Vitale, gioca e si diverte ancora, democraticamente, come quando mandava in visibilio i tifosi del Milan con i suoi leggendari “coast to coast” è invece il presidente della Liberia, George Weah. L’ex “Re George” degli stadi, primo Pallone d’Oro (1995) africano nella storia di cuoio, rappresenta la grande speranza per la Liberia afflitta da quella banalità del male che ha causato due guerre civili e la piaga di Ebola che ha causato 250mila morti. La fotografia tragica di un Paese in cui il 54% della popolazione vive sotto la soglia della povertà, «un milione e 300mila persone sono in condizioni di indigenza estrema», ha sottolineato di recente Weah. Pertanto la sua presidenza è il risultato di una fiducia allargata a un uomo che conosce lo spirito di squadra e per essa è disposto a sacrificarsi, specie quando quella squadra è la sua Liberia. «Nel Milan ho imparato più che in ogni altra società. Quando c’è un problema in un’organizzazione, come per esempio il governo di uno stato, è perché tutti pensano ai fatti loro», ha gridato Weah dal palco del comizio presidenziale. Parole chiare, dirette, recepite al volo anche dall’ultimo liberiano che, magari, non è mai entrato in uno stadio di calcio.

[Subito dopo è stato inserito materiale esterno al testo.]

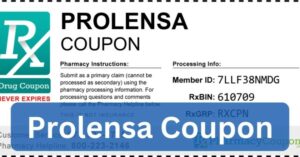 Prolensa Coupon - Connect With Us!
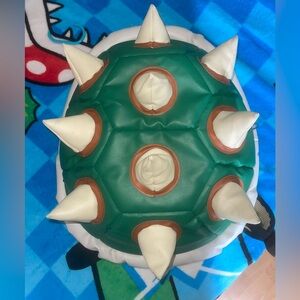 Bowser shell backpack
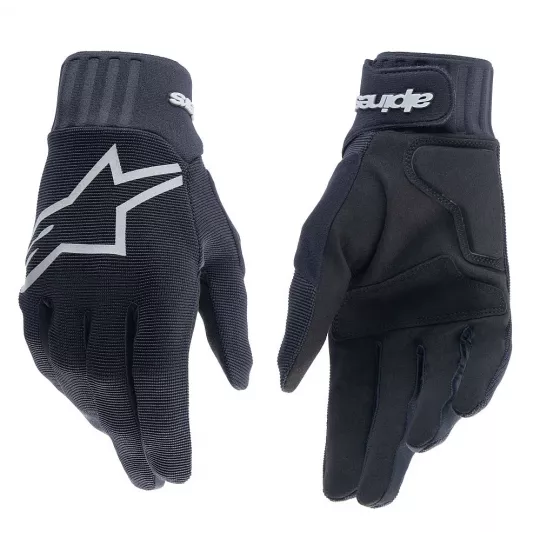Alpinestars A-Dura GEL rukavice Black | Katmar.cz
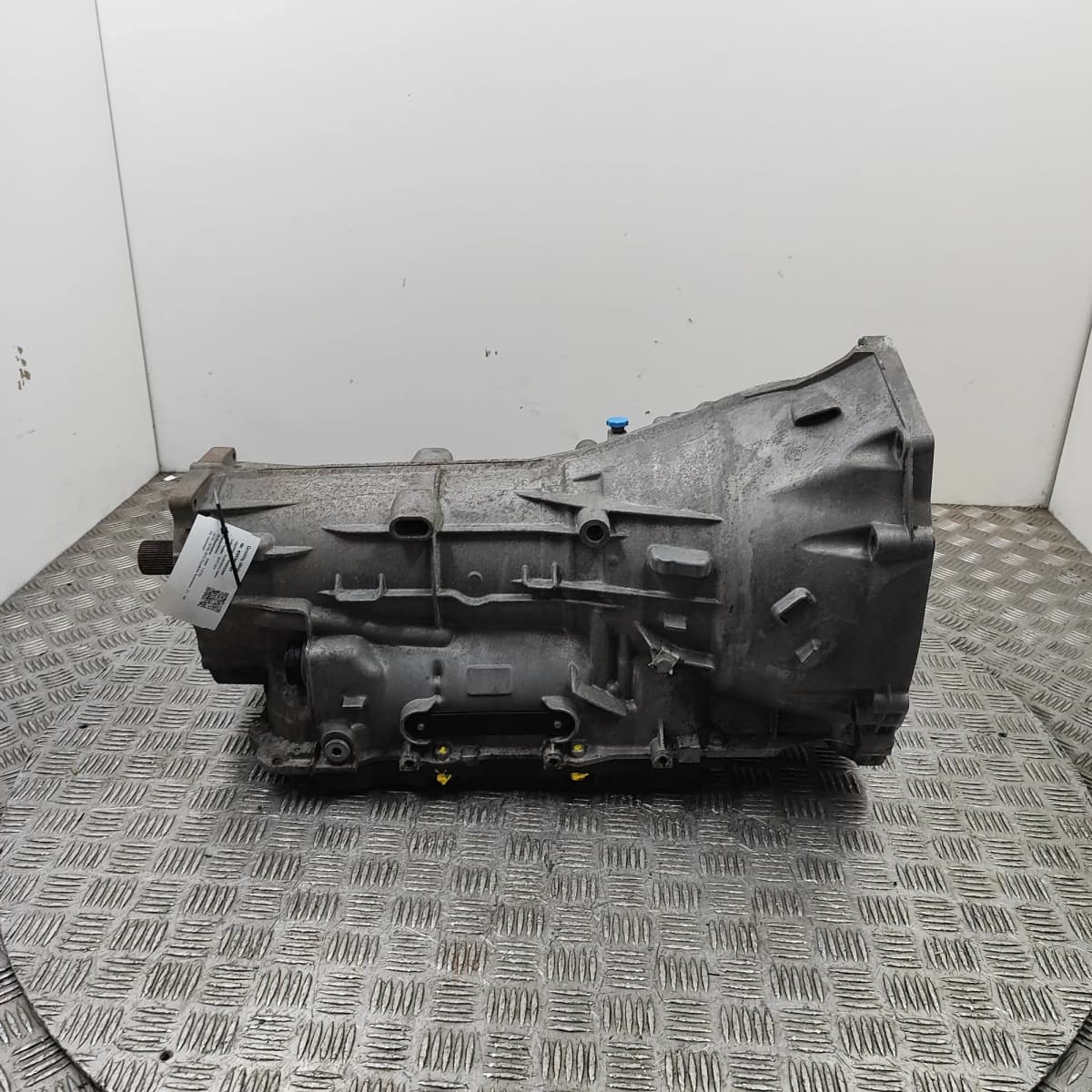 BMW 1 F20 Auto 8 Speed Gearbox 8HP-50X 2.0 Diesel 140kw 2015 35304707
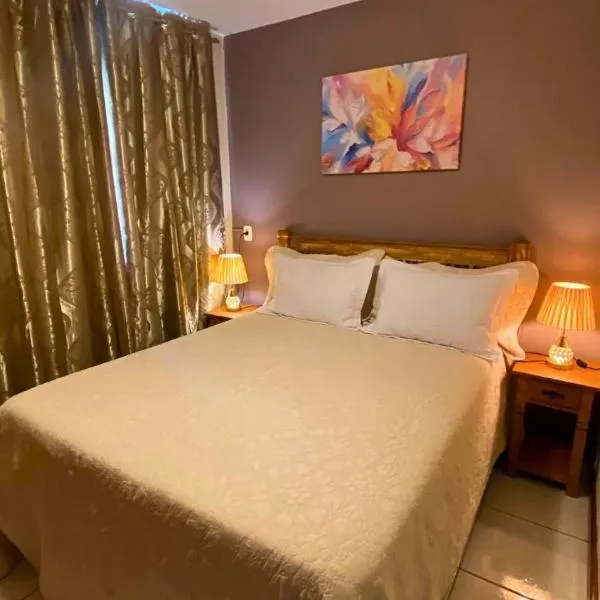 Excelente Apartamento Climatizado em Jacaraipe, hotel in Serra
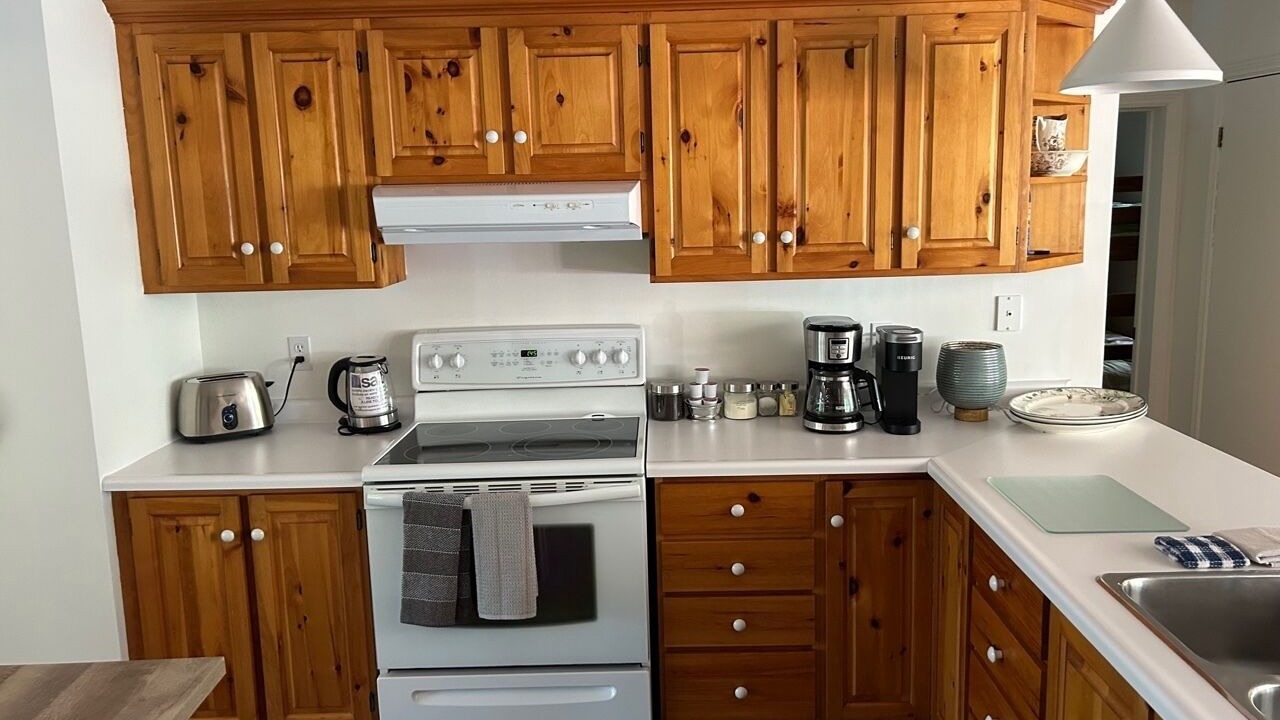 Photo of Kitchen in L'Amable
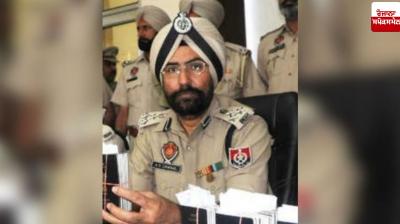 Former IG Amar Singh Chahal shot himself: Source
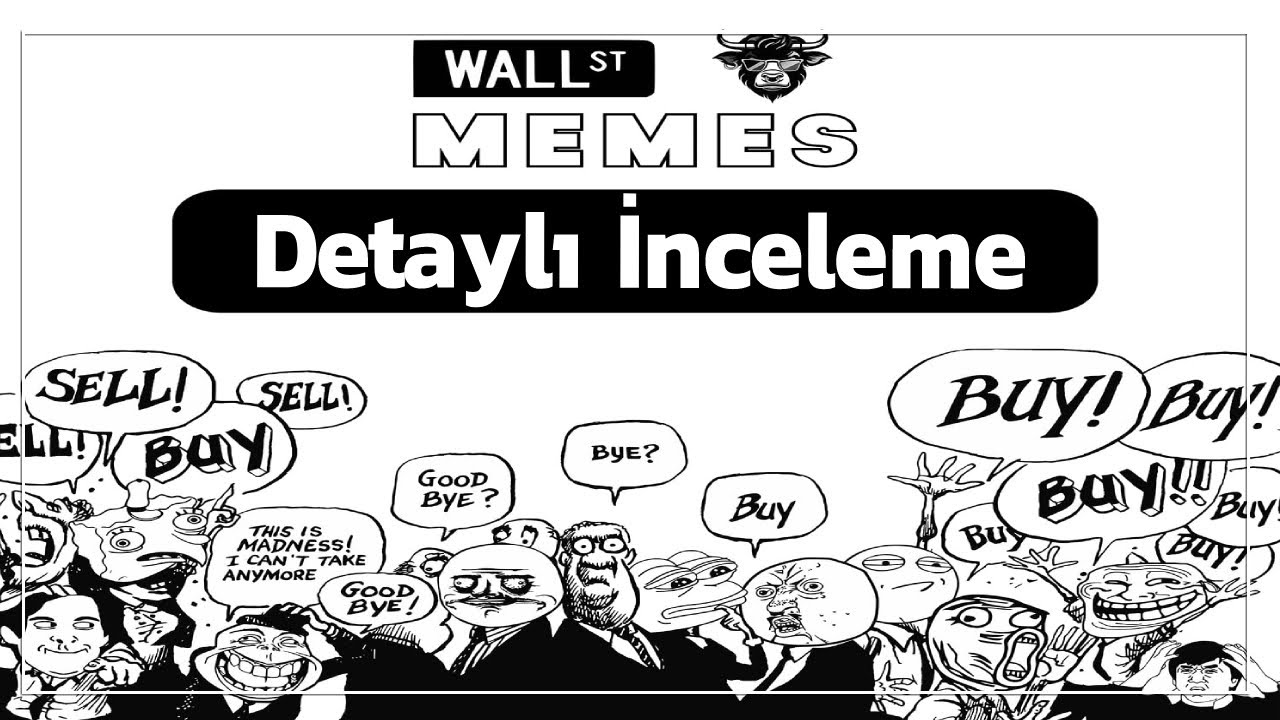 WallStMemes Detaylı Coin İncelemesi !! Yeni Shiba Olabilir Mi !! WallStBulls'u Geliştiren Ekipten !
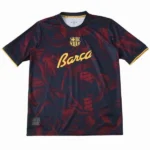 FC Barcelona Trikot 2026 2027 Schwarz - Trikot FC Barcelona | trikotfussballshop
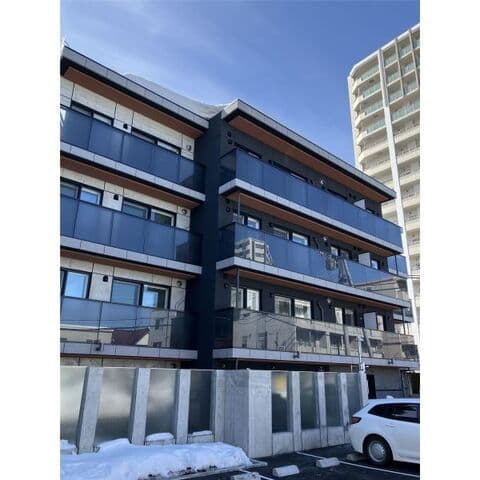 S-RESIDENCE琴似本通avanta 310号室(賃貸・1LDK・7.3万円/月)の外観・室内写真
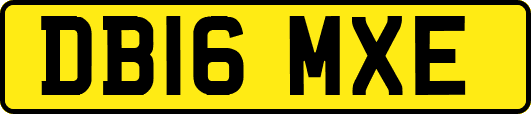 DB16MXE
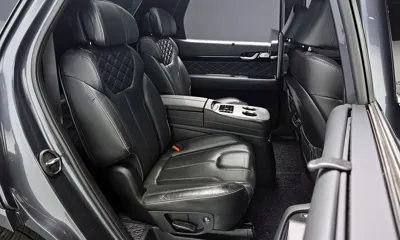Hyundai Palisade 2022, 59765 км, за 29500000 KRW - фото 11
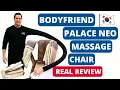 Best Arm Stretching - Palace Neo Massage Chair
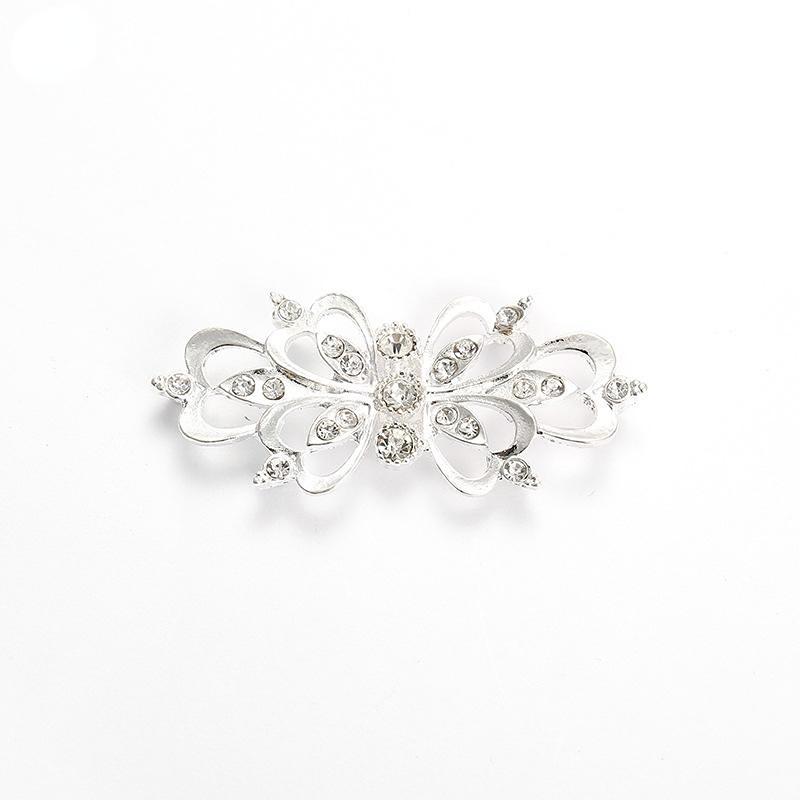 2 шт., свитер, булавка с кристаллами, зажимы для кардигана, аксессуары, ювелирные изделия, пуговицы со стразами, пряжка из сплава, воротник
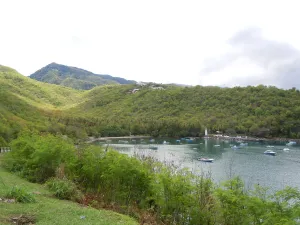 Basse-Terre Island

Messaggio non troppo distante da quello che avrebbe lanciato l’ex portiere del Racing Universitaire d’Alger, Albert Camus, il quale senza aver provato l’emozione di parare un rigore, magari non avrebbe mai scritto L’uomo in rivolta o Lo straniero. E se milioni di persone hanno letto e continueranno a leggere Camus, forse è anche perché condividono questo suo pensiero esistenziale: «Tutto quello che so sulla moralità e sui doveri degli uomini, lo devo al calcio».